- Qarnaveh-ye Sofla Location within Iran
- Coordinates: 37°41′49″N 55°50′17″E﻿ / ﻿37.69694°N 55.83806°E
- Country: Iran
- Province: Golestan
- County: Maraveh Tappeh
- District: Golidagh
- Rural District: Shalami

Population (2016)
- • Total: 508
- Time zone: UTC+3:30 (IRST)

= Qarnaveh-ye Sofla =

Village in Golestan province, Iran

Qarnaveh-ye Sofla (قرناوه سفلي) (Note: Also romanized as Qarnāveh-ye Soflá; also known as Qarnāveh-ye Pā’īn) is a village in Shalami Rural District of Golidagh District in Maraveh Tappeh County, Golestan province, Iran.

==Demographics==
===Population===
At the time of the 2006 National Census, the village's population was 603 in 113 households, when it was in Golidagh Rural District of the former Maraveh Tappeh District in Kalaleh County.
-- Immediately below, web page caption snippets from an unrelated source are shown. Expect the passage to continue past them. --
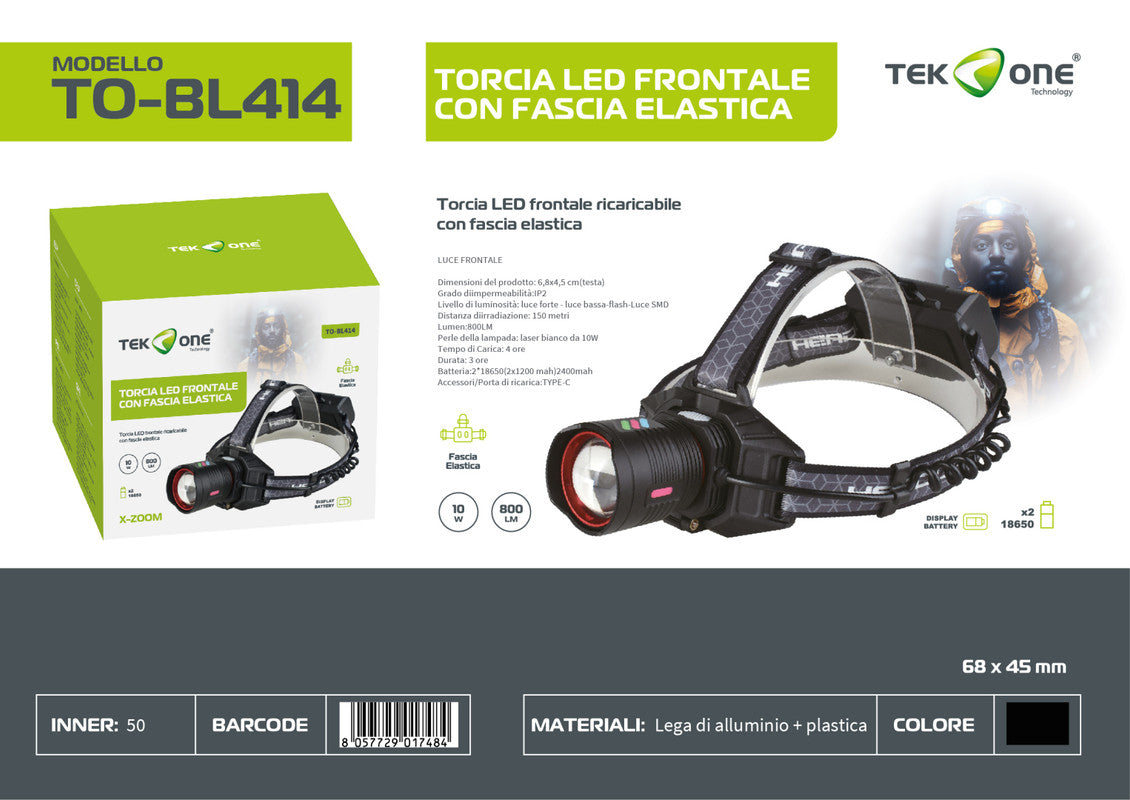 TORCIA LED FRONTALE CON FASCIA ELASTICA 10W 2400mAh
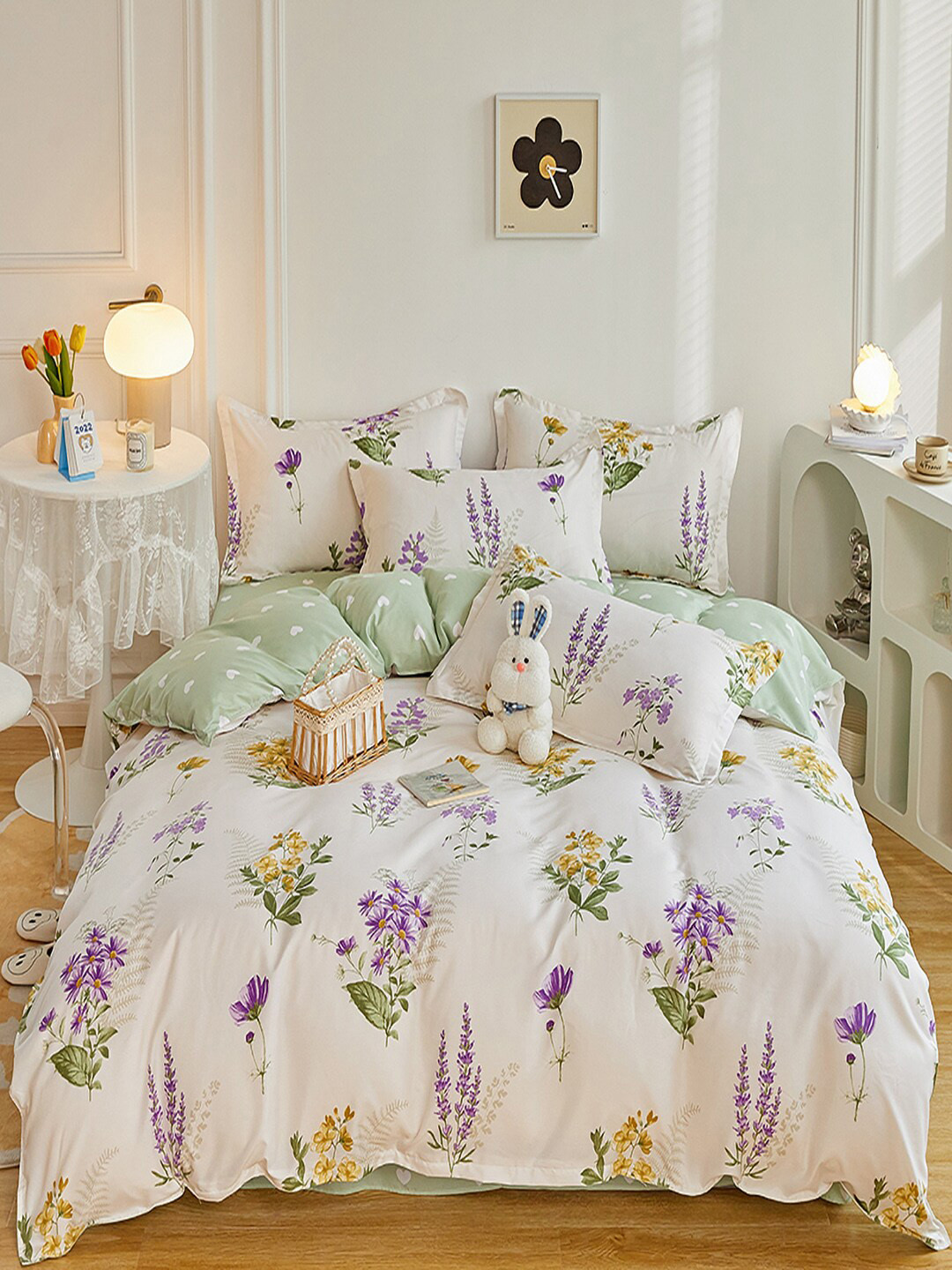 JC HOME Green & Cream Colored Printed Double Extra Large Bedding Set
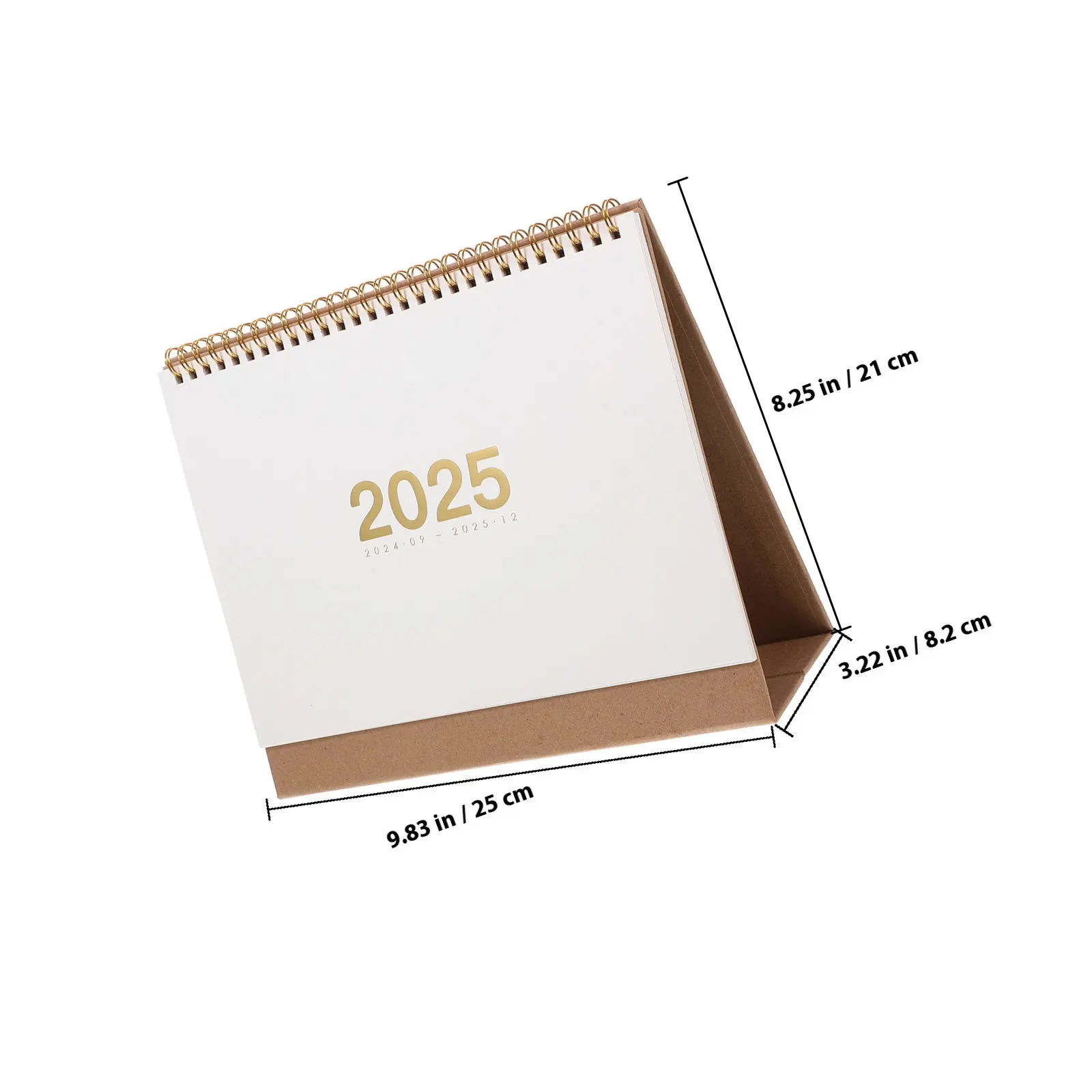 2025 Chinese Minimalist Desk Calendar Standing Flip Spiral Bound Desktop Planner Functional Table Calendar for Office Home Use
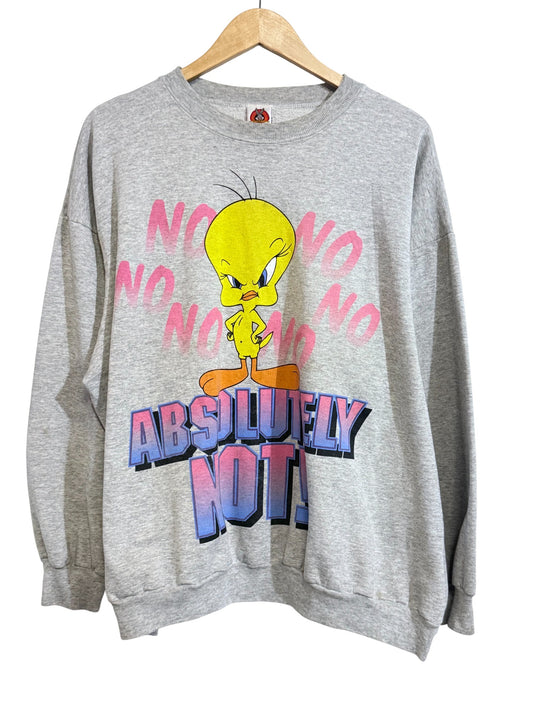 Vintage 90's Looney Tunes Tweety Bird Absolutely Not Sweater Size Large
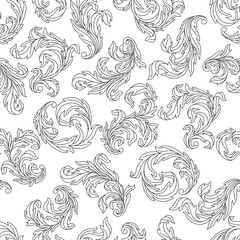 Decorative floral seamless pattern in baroque style. Engraved black curling plant.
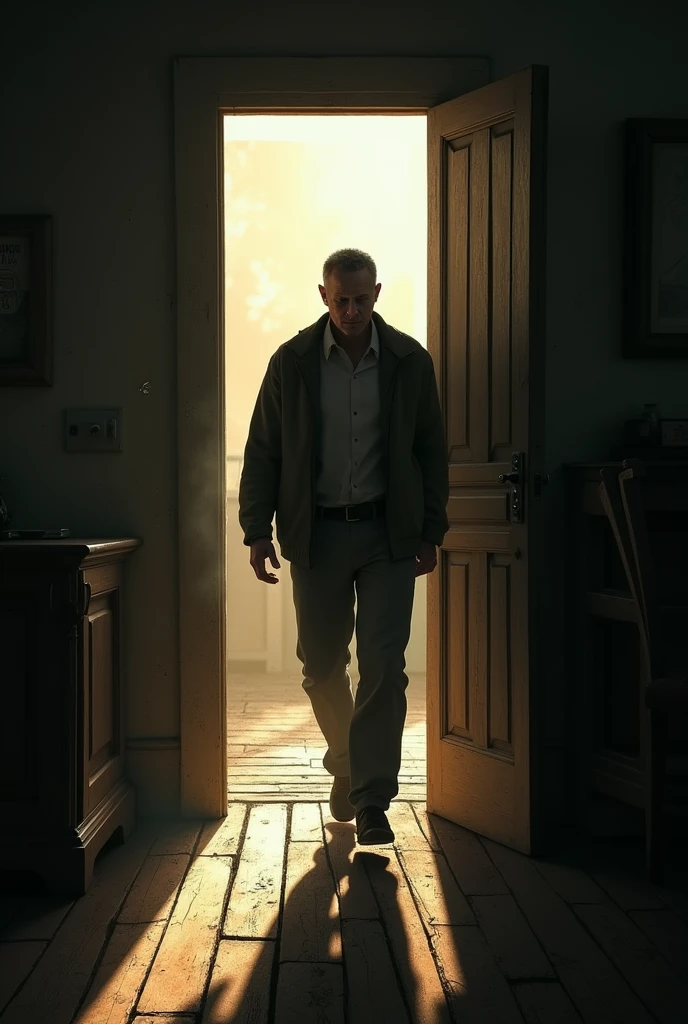 Marcos entering the house with the door half open: The image must capture the moment when Marcos steps inside the house, with the wooden floor creaking under your feet and a dark and dusty environment.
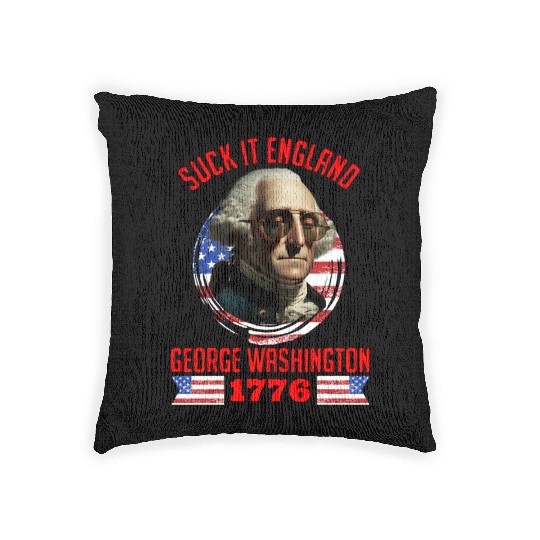 George Washington 1776 Suck it England USA Woven Pillows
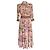 Riani Midi-Kleid mit Blumenprint und Stufenrock Pink Weiß Rot Grün Lila
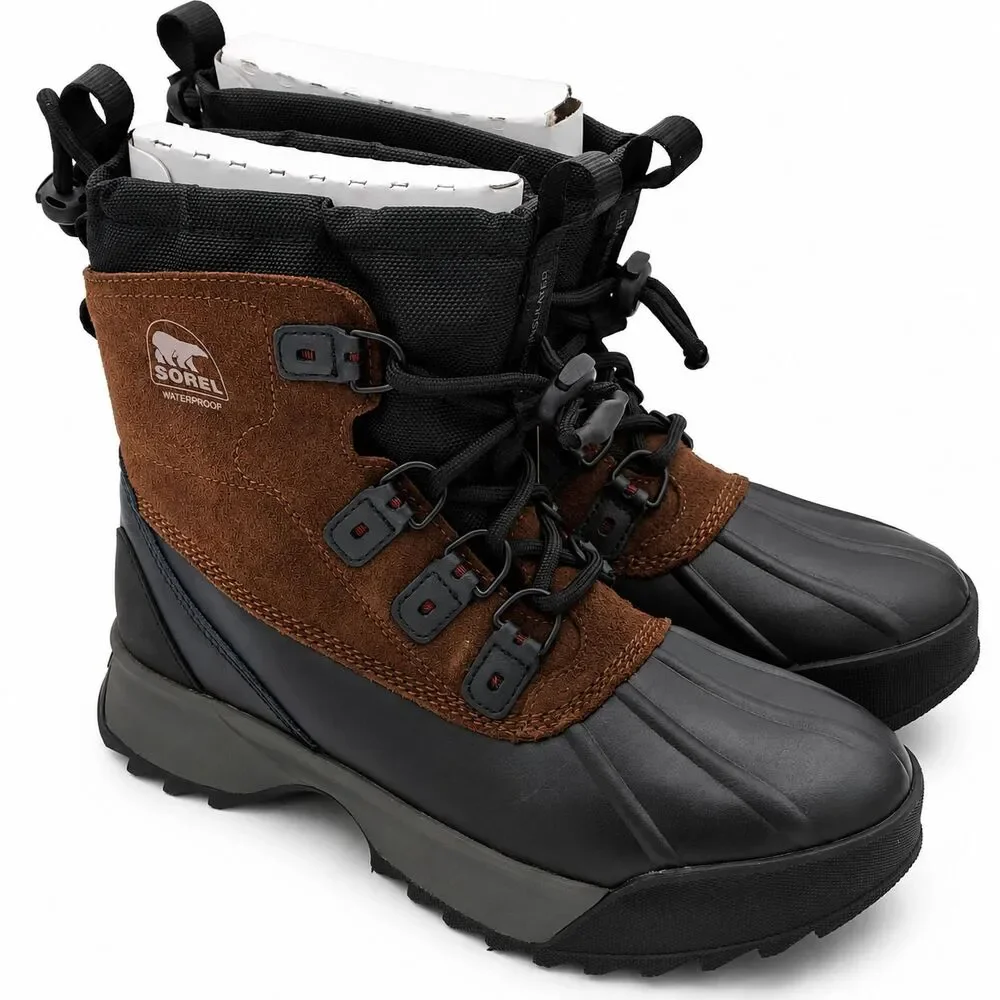 SOREL Scout 87 XT WP Tobacco Black Waterproof Boots Men’s Size 9 Leather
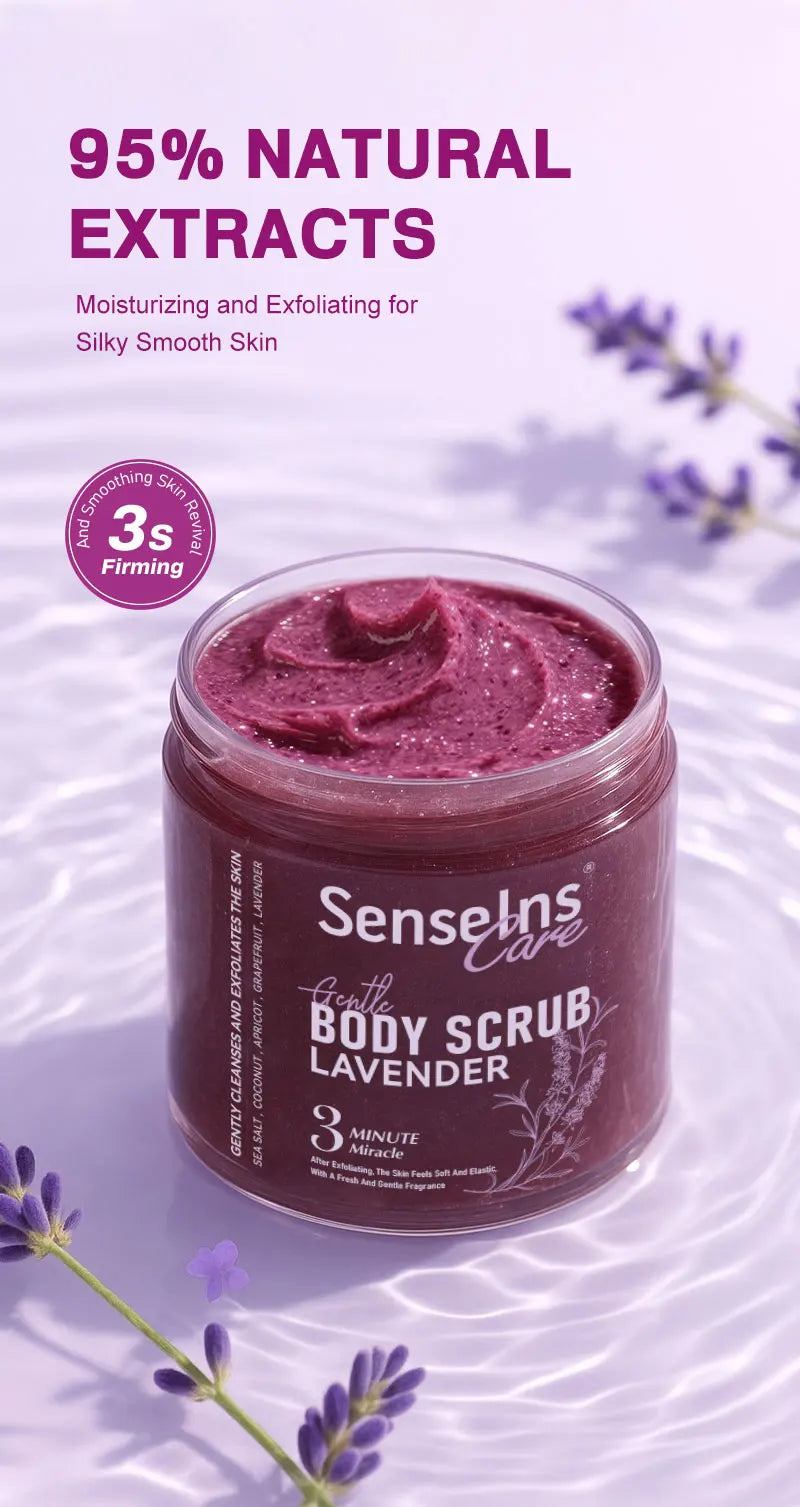 Lavender Body Scrub – Shea Butter Exfoliating Skin Care 500g Scrubs Treatments Tidesmit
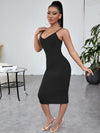 SXY Solid Ribbed Knit Bodycon Dress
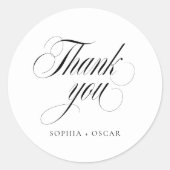 Elegant Script Wedding Thank You  ラウンドシール (正面)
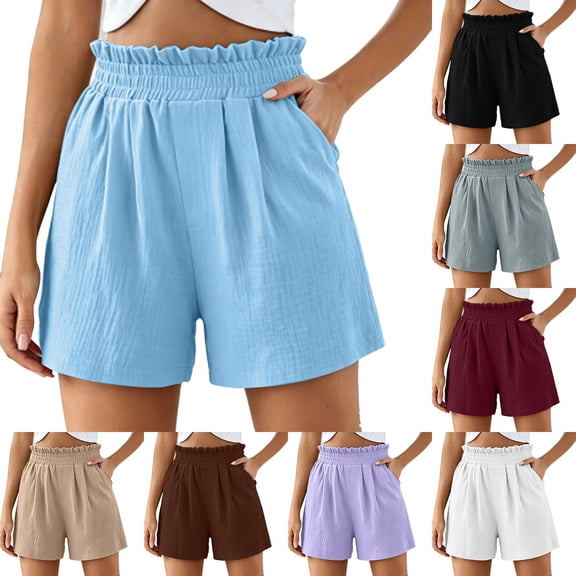 Zulora Women's Solid Color Shorts With Ruffled Waist And Pockets High Waisted Casual Elastic Waist Summer Beach Daily Shorts​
The following census in 2011 counted 547 people in 134 households, by which time the district had been separated from the county in the establishment of Maraveh Tappeh County. The rural district was transferred to the new Golidagh District, and Qarnaveh-ye Sofla was transferred to Shalami Rural District created in the same district. The 2016 census measured the population of the village as 508 people in 141 households.